REQUIRED ACTION: Starting with the line that contains "ギャザーブラウス 通勤OL オフィスカジュアル" and ending with the final line of the data below, print those lines exactly and nothing else.

───── GIVEN RECORDS ─────

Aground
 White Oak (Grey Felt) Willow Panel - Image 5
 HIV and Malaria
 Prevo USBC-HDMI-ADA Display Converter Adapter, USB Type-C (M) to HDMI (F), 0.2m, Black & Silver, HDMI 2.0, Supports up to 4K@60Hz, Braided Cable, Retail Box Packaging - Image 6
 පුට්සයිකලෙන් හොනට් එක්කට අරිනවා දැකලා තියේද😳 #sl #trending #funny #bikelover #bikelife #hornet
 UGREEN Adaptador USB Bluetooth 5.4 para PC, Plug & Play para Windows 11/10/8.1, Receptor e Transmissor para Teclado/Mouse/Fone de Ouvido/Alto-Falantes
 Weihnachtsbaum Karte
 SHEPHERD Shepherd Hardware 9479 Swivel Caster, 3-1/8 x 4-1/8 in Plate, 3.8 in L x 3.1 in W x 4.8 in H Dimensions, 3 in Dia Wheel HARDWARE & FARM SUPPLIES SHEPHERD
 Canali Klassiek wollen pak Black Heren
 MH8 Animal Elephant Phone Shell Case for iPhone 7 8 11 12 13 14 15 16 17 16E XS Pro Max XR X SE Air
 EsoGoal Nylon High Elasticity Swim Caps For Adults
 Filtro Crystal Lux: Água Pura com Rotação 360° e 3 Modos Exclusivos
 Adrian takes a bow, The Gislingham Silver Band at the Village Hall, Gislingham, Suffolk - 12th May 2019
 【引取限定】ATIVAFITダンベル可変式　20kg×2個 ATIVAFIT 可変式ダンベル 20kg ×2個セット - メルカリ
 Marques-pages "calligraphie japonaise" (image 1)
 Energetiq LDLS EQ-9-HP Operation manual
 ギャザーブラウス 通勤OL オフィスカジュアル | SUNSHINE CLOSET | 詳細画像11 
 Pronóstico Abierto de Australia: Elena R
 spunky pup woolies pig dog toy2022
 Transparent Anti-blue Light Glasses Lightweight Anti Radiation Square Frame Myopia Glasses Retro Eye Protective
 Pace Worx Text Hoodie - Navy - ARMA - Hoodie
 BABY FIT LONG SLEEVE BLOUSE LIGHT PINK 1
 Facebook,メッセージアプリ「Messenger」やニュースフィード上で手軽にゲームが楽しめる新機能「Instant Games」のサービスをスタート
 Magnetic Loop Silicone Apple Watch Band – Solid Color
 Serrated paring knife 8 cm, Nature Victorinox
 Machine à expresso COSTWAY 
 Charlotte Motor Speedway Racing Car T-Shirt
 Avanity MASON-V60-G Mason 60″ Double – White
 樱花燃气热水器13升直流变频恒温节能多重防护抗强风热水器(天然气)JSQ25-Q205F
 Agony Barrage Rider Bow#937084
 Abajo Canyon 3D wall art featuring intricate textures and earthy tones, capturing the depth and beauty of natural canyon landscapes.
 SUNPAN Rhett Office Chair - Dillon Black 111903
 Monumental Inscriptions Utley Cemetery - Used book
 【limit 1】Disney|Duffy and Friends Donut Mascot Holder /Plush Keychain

─────

SOLUTION:
 ギャザーブラウス 通勤OL オフィスカジュアル | SUNSHINE CLOSET | 詳細画像11 
 Pronóstico Abierto de Australia: Elena R
 spunky pup woolies pig dog toy2022
 Transparent Anti-blue Light Glasses Lightweight Anti Radiation Square Frame Myopia Glasses Retro Eye Protective
 Pace Worx Text Hoodie - Navy - ARMA - Hoodie
 BABY FIT LONG SLEEVE BLOUSE LIGHT PINK 1
 Facebook,メッセージアプリ「Messenger」やニュースフィード上で手軽にゲームが楽しめる新機能「Instant Games」のサービスをスタート
 Magnetic Loop Silicone Apple Watch Band – Solid Color
 Serrated paring knife 8 cm, Nature Victorinox
 Machine à expresso COSTWAY 
 Charlotte Motor Speedway Racing Car T-Shirt
 Avanity MASON-V60-G Mason 60″ Double – White
 樱花燃气热水器13升直流变频恒温节能多重防护抗强风热水器(天然气)JSQ25-Q205F
 Agony Barrage Rider Bow#937084
 Abajo Canyon 3D wall art featuring intricate textures and earthy tones, capturing the depth and beauty of natural canyon landscapes.
 SUNPAN Rhett Office Chair - Dillon Black 111903
 Monumental Inscriptions Utley Cemetery - Used book
 【limit 1】Disney|Duffy and Friends Donut Mascot Holder /Plush Keychain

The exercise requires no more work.